Era of widespread small UAS commercial operation takes off.

As of August 29, the FAA’s new rules permitting commercial operation of small unmanned aircraft systems (UAS, also known as “drones”) have taken effect. (And, just in time, the FAA has announced that the Office of Management and Budget has signed off on the “information collections” created by those rules, thereby eliminating any Paperwork Reduction Act concerns.) Previously, small UAS could be operated commercially only pursuant to what were known as “333 exemptions”. As we reported a couple of months ago, the FAA has now added a new Part 107 to its rules that obviates the need for such exemptions, so long as specific flying requirements are followed. Before you launch your UAS into the wild blue yonder, though, be sure to familiarize yourself with those requirements, which impose limits on a number of operational aspects: how, where and when your UAS can be flown, what it can transport, how it is to be registered, etc.

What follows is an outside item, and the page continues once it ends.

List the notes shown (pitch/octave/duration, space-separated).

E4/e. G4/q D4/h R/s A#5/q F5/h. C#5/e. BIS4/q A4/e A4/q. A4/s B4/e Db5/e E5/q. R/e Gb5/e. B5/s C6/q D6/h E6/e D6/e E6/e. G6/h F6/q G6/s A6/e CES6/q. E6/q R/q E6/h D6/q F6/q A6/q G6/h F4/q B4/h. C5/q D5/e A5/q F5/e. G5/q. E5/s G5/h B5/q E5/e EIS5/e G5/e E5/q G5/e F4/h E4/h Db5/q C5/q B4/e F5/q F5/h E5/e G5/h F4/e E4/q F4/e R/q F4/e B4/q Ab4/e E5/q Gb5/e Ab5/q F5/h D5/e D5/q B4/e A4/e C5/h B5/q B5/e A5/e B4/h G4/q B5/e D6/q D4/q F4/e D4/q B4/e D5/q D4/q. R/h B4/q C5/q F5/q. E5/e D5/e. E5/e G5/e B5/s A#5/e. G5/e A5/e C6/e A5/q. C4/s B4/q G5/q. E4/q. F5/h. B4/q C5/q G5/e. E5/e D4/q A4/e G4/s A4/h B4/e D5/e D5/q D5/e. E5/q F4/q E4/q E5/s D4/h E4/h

And don’t forget, you’ll be needing an authorized pilot – technically, a “remote pilot in command” (remote PIC) holding a “remote pilot certificate with a small UAS rating” – at the controls. Individuals already holding a Part 61 pilot certificate have a relatively easy path to their remote pilot certification: they just take the online “Part 107 sUAS Course” available at the FAA’s website and, having successfully completed the course, apply for the remote certification. Would-be remote PICs who don’t already have a Part 61 certificate face a more rigorous and time-consuming process which includes threshold background checks and a mandatory initial aeronautical knowledge test administered at an FAA-approved knowledge testing center. If you’re looking to get your UAS airborne as quickly as possible, using a Part 61-certified pilot willing to take the Part 107 course is probably your best bet.

While Part 107 operation has now largely replaced the need for 333 exemptions, the FAA is still facing a backlog of applications for 333 exemptions that were in the pipeline before the new Part 107 rules were adopted. We understand that the FAA is triaging applications in the backlog, with plans to dismiss those proposing operations permissible under the new rules. Pending applications proposing operations beyond the scope of Part 107 will continue to be processed.

And coming up on the horizon: a new set of rules to provide more guidance and flexibility on UAS flights over people. The FAA reportedly aims to complete this next year.

Finally, a word to the wise. We hear that the FAA has been training both field staff and local law enforcement on the new rules. While the precise penalties for violations have not been spelled out, the FAA does have authority to assess civil penalties up to $27,500 – which provides plenty of incentive to fly lawfully out there!